British Faction Takes Step Forward
in Push for Glass-Steagall

July 19, 2012 (EIRNS)—In a major step forward, the British Parliament on July 17 set up a new panel to investigate the Libor-rigging crime, which includes three known leading advocates of a return to the Glass-Steagall standard. Officially called the Parliamentary Commission on Banking Standards, the Commission is comprised of 10 members, five of whom come from the House of Lords and five from Commons. The panel will question witnesses under oath and come up with "lessons to be learned about corporate governance, transparency and conflicts of interest, and their implications for regulation and for government policy."

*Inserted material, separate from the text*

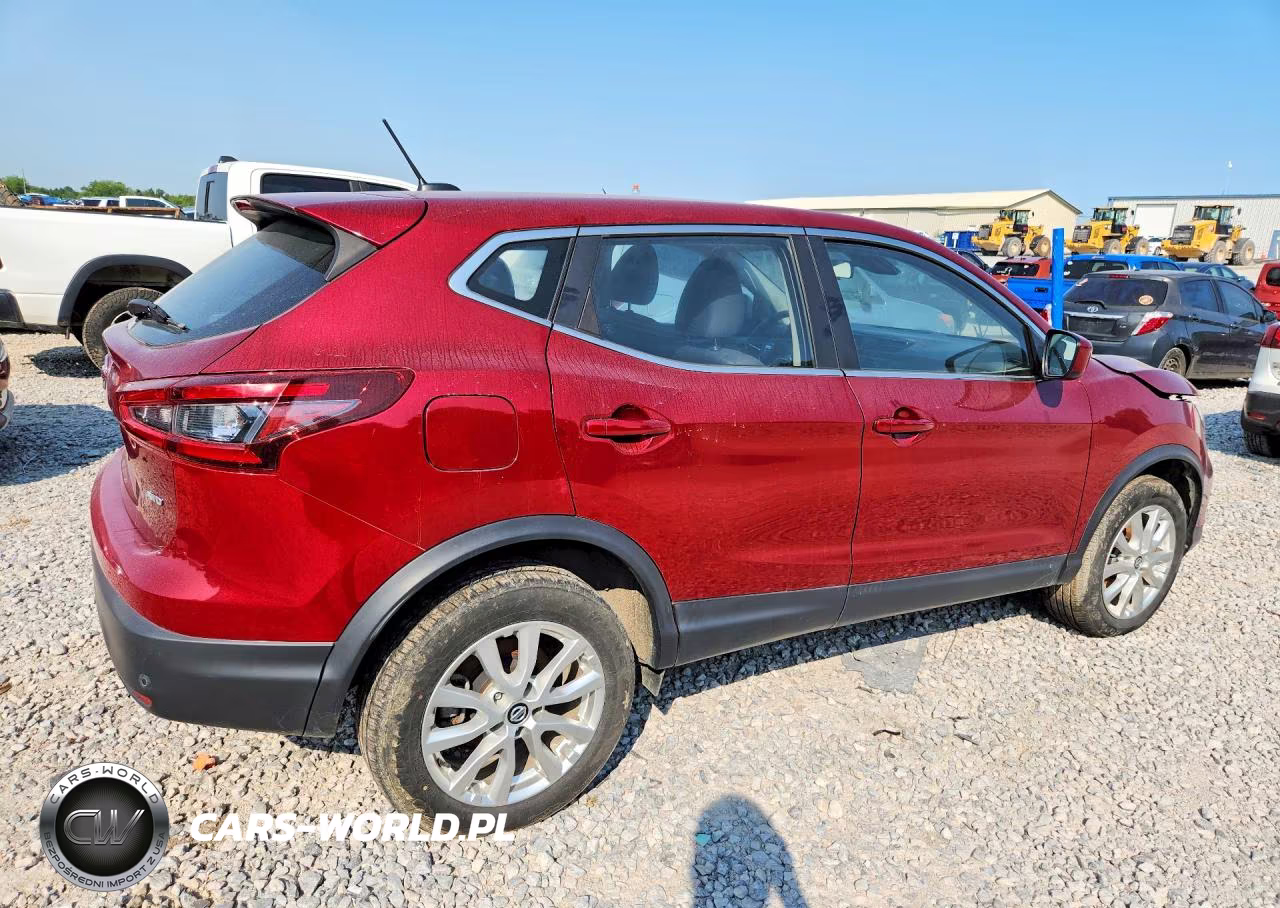 2021 Nissan Rogue Sport S VIN:JN1BJ1AW2MW420282 - 3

Most prominent among the Glass-Steagall advocates is Lord Nigel Lawson, who served as Chancellor of the Exchequer under Margaret Thatcher from 1983 to 1989. He then left the government, according to the London Guardian, because another Thatcher adviser, Sir Alan Walters, was undermining Lawson's policy for a fixed exchange rate for the pound. He is also known as a leading "climate skeptic."

Conservative Lawson was known previously to EIR to have been for Glass-Steagall. Both Bloomberg today, and Business Week this week cite this fact, noting that he had called for a British version of the Glass-Steagall Act already in 2009.

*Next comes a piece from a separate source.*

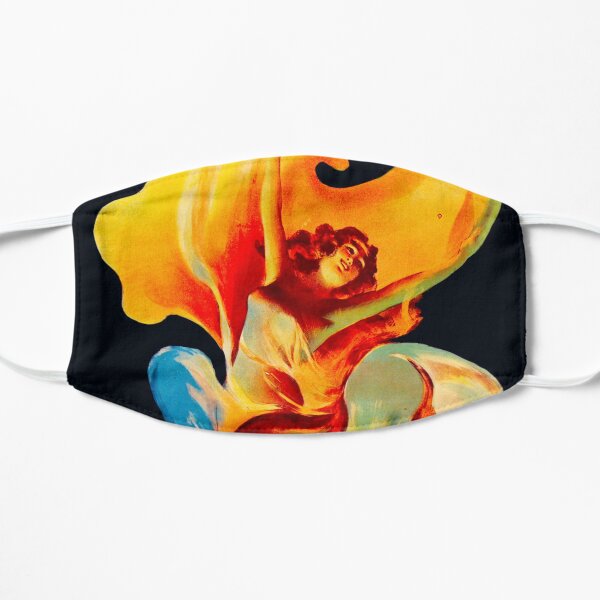 Folies Bergere La Loie Fuller Flat Mask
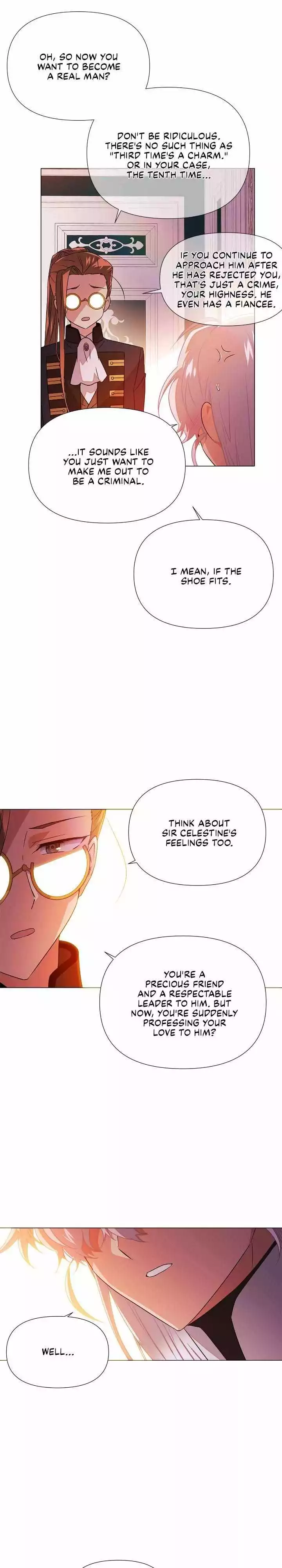 The Villain Discovered My Identity Chapter 136 page 17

Also on the Commission are Liberal Democratic MP John Thurso, and Lord John McFall, from Labour, whom Bloomberg describes as "a former chairman of the House of Commons Treasury Committee (under P.M. Gordon Brown-ed.) and another advocate of dividing up banks."

Thurso, also known as John Archibald Sinclair, 3rd Viscount Thurso of the Clan Sinclair, was quoted in the July 1 The Scotsman, criticizing the Vickers report and saying:

"The money that is going in from the high street is going into the City gambling dens instead of being available to be lent to businesses and I think there is no choice now than to, by law, separate investment banking from retail banking."

The Commission is to be chaired by MP Andrew Tyrie, and also includes Mark Garnier MP, the Rt. Hon. Baroness Kramer, Andy Love MP, Pat McFadden MP, the Rt. Hon. Lord Turnbull, and the Rt. Rev. Justin Welby, the Bishop of Durham.